Founded in 2018, Kodiak carried its first commercial load in 2019. Now the autonomous vehicle (AV) startup’s trucks are making “disengage-free” highway trips, meaning journeys where the safety driver never disengaged the self-driving system to manually take control.
Kodiak’s trucks navigated the entire highway portion of their route—205 miles of Texas highway from Dallas to Houston—for the first time in December. These trips included one entire disengage-free day, with two back-to-back round trips between Dallas and Houston, during the day and at night. These are the first fully autonomous deliveries in Texas history, Andreas Wendel, Kodiak Robotics’ vice president of engineering, said in a statement.
These deliveries reflect “that we’re increasingly able to handle the full range of highway driving scenarios, from easy stuff like the open road and lane changes, to tough challenges like vehicles on the shoulder, merges and of course complicated construction zones,” Wendel said.

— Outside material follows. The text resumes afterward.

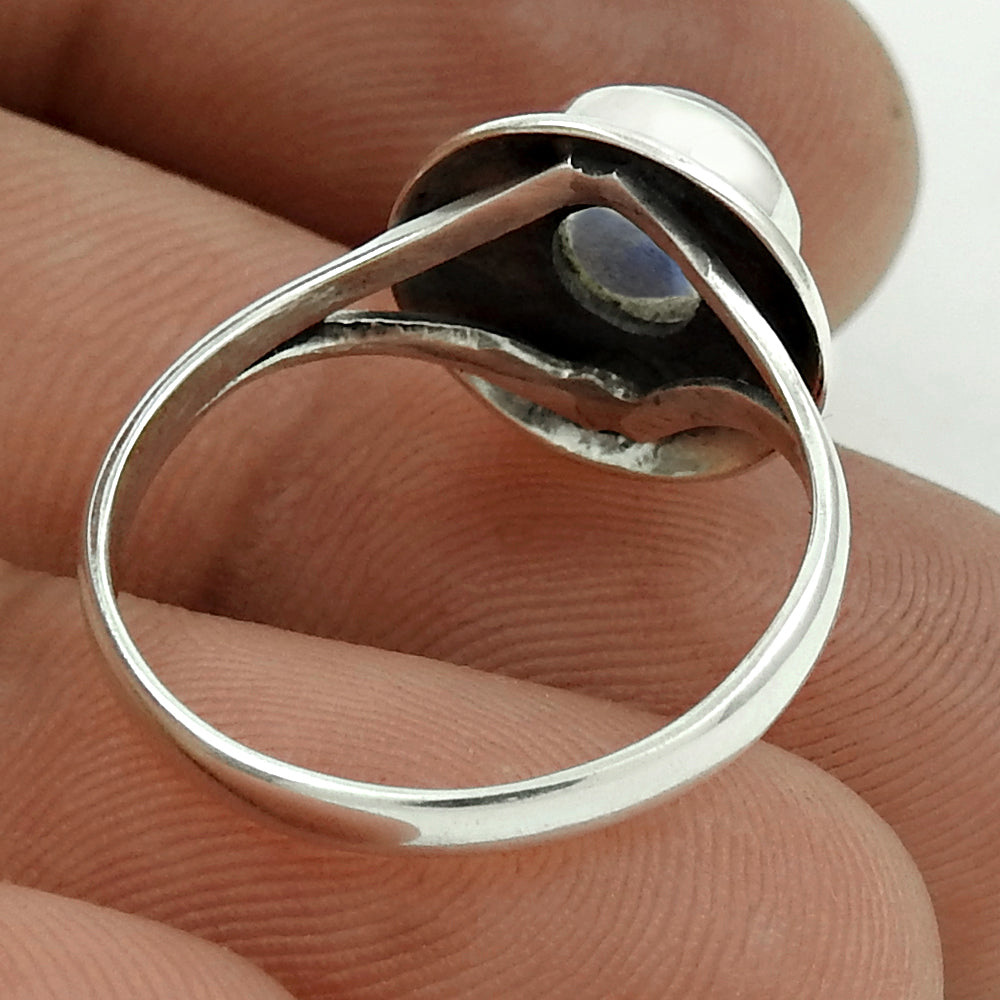Natural labradorite gemstone ring 925 silver wholesale jewelry x4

“Many think AV development is like training for a marathon—first you take a run around the block, then that block turns into a mile, then 10, and eventually after enough training, you can run the whole thing,” Wendel said. “But AV development is actually more like training for an ironman triathlon—a self-driving system needs to do a lot of things well, from negotiating heavy traffic to navigating construction zones. Just as running a marathon in record time doesn’t do you any good if you can’t swim, logging hundreds of thousands of test miles doesn’t do you any good if you have to drive every construction zone manually.”
Kodiak’s strategies for long-haul trucking include staying away from real-time kinematic (RTK)-based GPS positioning, which Wendel noted is powerful, “but it can be finicky in bad weather or in remote locations, so you cannot rely on it to safely deploy an actual driverless product.
“Furthermore,” she maintained, “the hardware is too expensive to scale.”
In addition, instead of relying on high-definition maps, which “are great until a construction zone opens up and the map changes,” Kodiak employed a low-definition mapping system, “designed for over-the-air updates in case of lane closures or construction,” Wendel explained.
All in all, “we navigated a major commercial freight lane, through a complex mix of urban and rural highways, open road, traffic and construction zones,” Wendel said. “In other words, we can run, bike and swim, with poise.”